Some embodiments of FIG. 5 may enable a fabric-independent PCIe cluster manager. Traditionally, cluster managers need to know about the underlying interconnect and the cluster interconnect timeouts of the underlying technology need to be taken into consideration in configuring a cluster. By designing the PCIe fabric to virtualize end devices, such as by assigning VFs to physical endpoints, the cluster manager may become independent of the end devices. The cluster design may then modeled as per the quality of service requested by the cluster service users and may not be dependent on a static underlying fabric.

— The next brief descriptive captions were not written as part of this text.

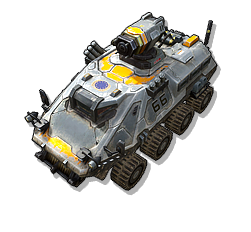 Image - EU APC Assault Portrait.png | Command and Conquer Wiki | FANDOM ...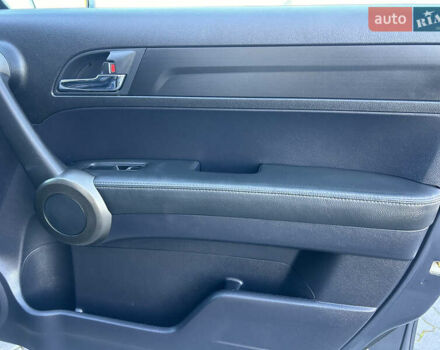 Сірий Хонда СРВ, об'ємом двигуна 2.2 л та пробігом 175 тис. км за 13999 $, фото 53 на Automoto.ua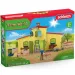 Schleich: Farm World - Nagy farm állatokkal játékszett (42605)
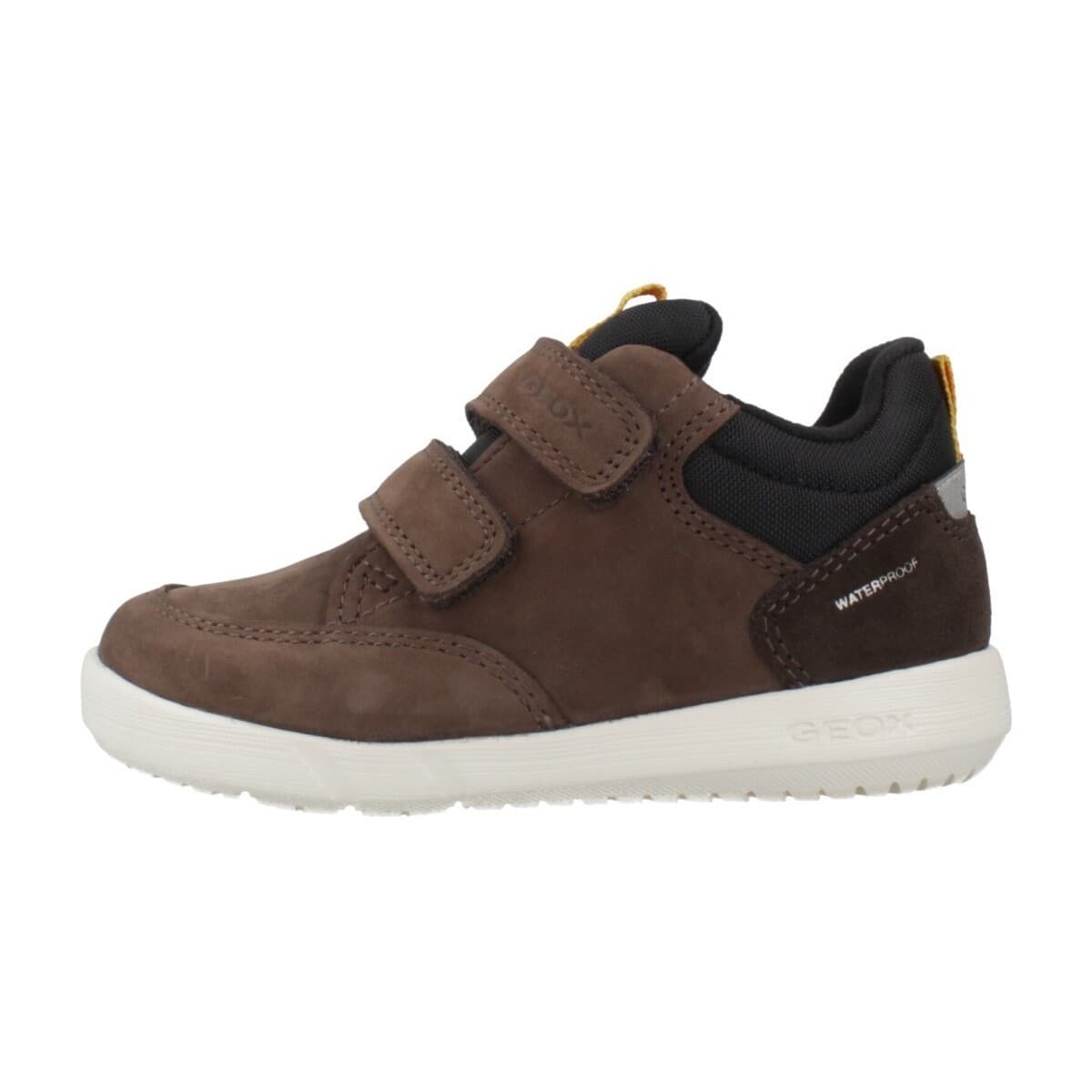 Boys' Sneakers Geox Brown
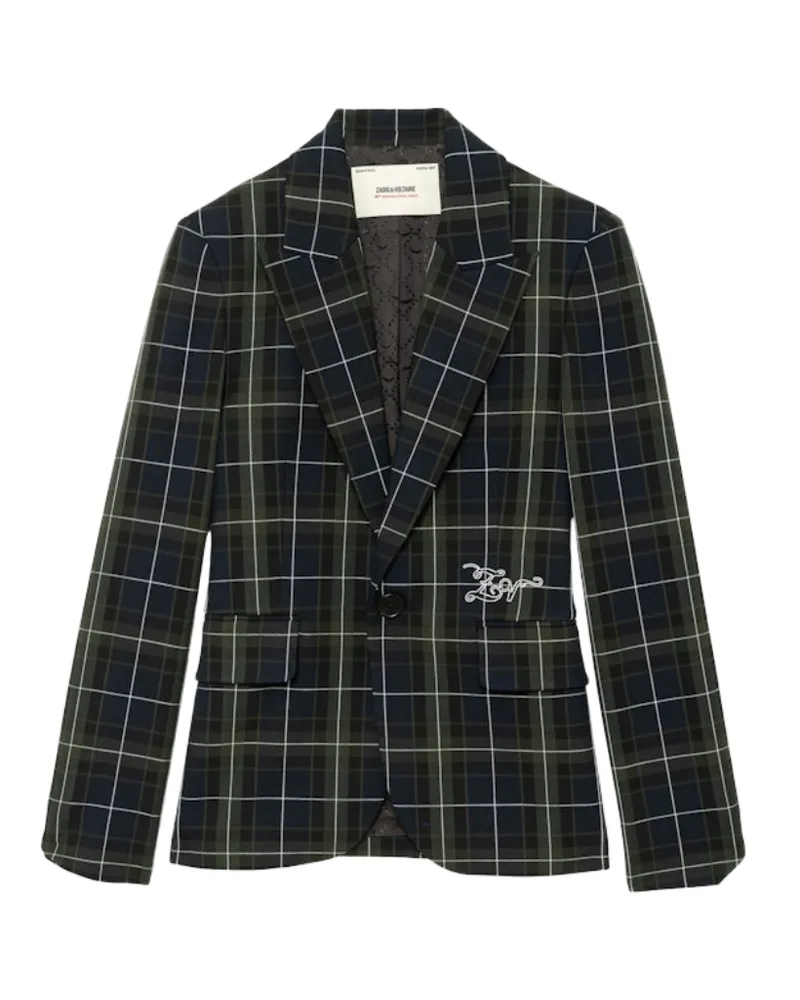 Zadig & Voltaire Blazer Vavy Blau
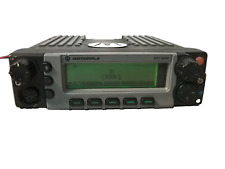 Motorola XTL 5000 700/800 Digital P25 Radio M20URS9PW1AN+  XTL5000 Display Head picture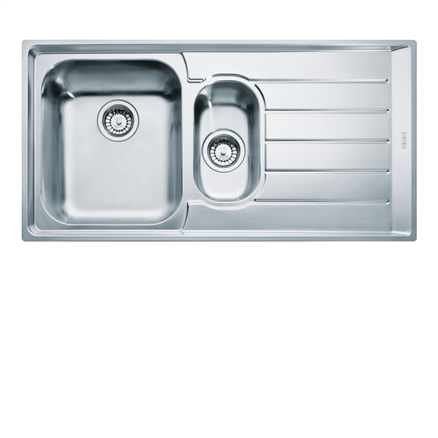 Neptune Inox NEX 211-86/251/221 - Evier Franke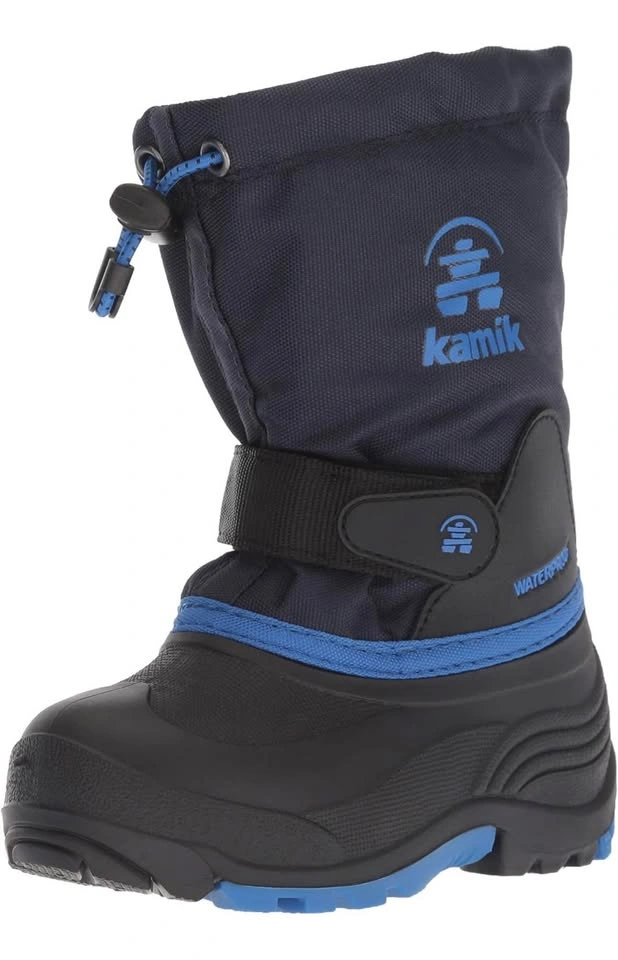 Boy's Size 5 Snow Boots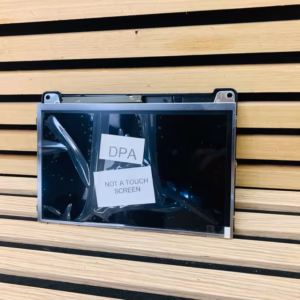 Bentley Flying Spur Monitor LCD 4W0919653E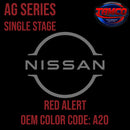 NISSA RED ALERT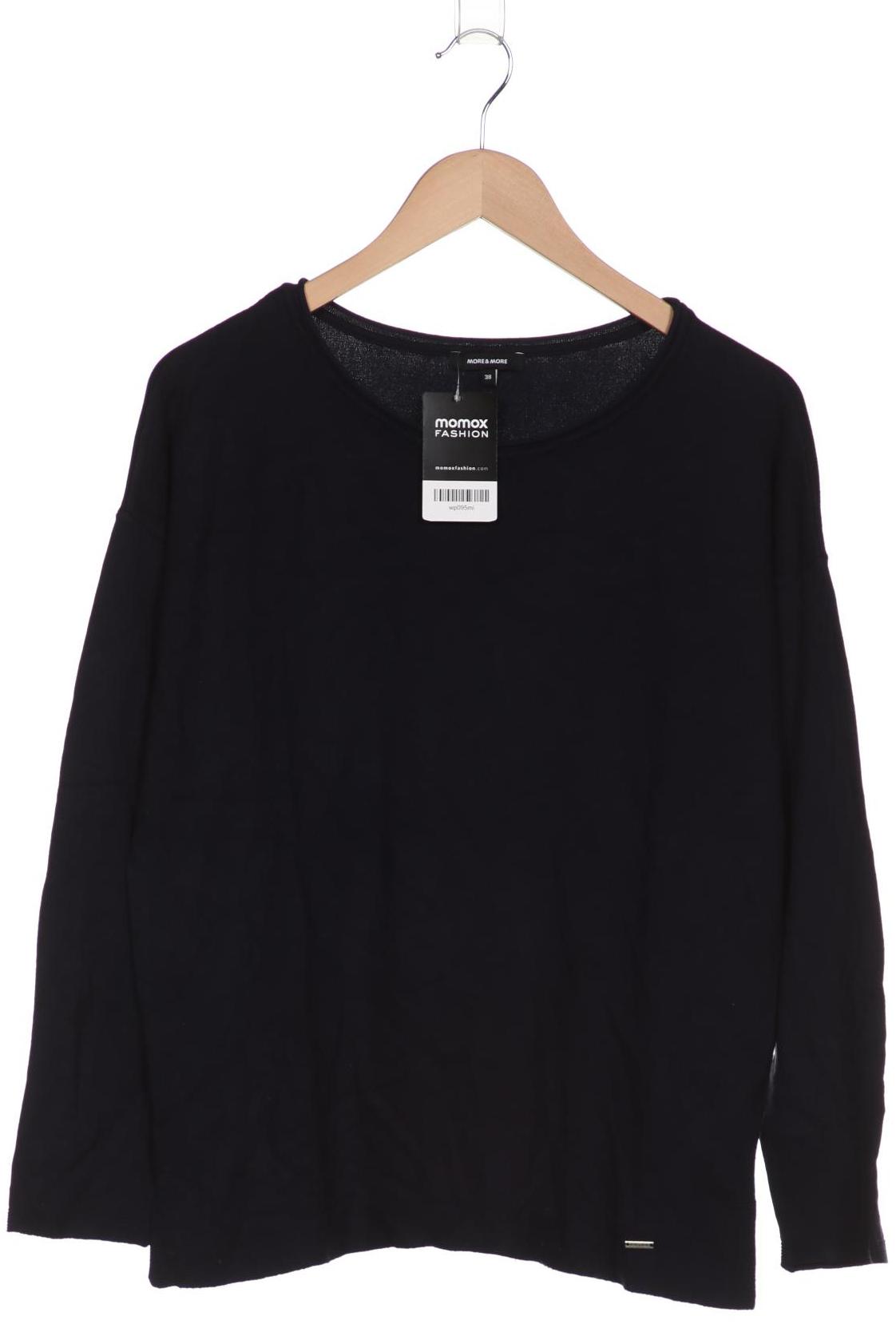 

More & More Damen Pullover, marineblau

FIG. 6 illustrates a method of I/O slicing. The method begins applying an algorithm to split I/O traffic at block 610. The algorithm may specify a quantity of traffic between an end device, such as SANs 412 and 416 and NICs 410 and 414 of FIG. 4, and a node partition of node, such as servers 402 and 404 of FIG. 4. In the example of FIG. 4, an algorithm specifies that half of the traffic of NIC 416 is to go to server 404 and half the traffic is to go to server 402; and that all traffic of NIC 414 is to go to server 404. As a result, application A of server 404 will be provided an NIC capacity equal to the capacity of NIC 414 and half of the capacity of NIC 410. If NIC 410 and NIC 414 have equal capacity, then application A will be provided a NIC capacity of 1.5 times either NIC.

At block 612, the appropriate channel bandwidth is allocated. The allocation may be performed by a cluster manager, such as cluster manager 114 of FIG. 1. The allocation includes determining a path or paths from end devices to a node or partition of the node, and quantities of traffic over each path. In the case of PCIe links, the allocation also includes determining a number of PCIe lanes on each path, such as a ×1 lane, or an ×8 lane.

The allocation may include teaming or channel bonding, at block 614. These terms describe the process of combining several physical end devices into a single virtual device. Teaming may be used when an allocation differs from the exact capacity of a single physical end device. In that case, several physical devices may be combined into a single virtual device with the combined capacity of the individual devices. Then, capacity is allocated from the virtual devices to the individual nodes or partitions to satisfy their I/O requirements.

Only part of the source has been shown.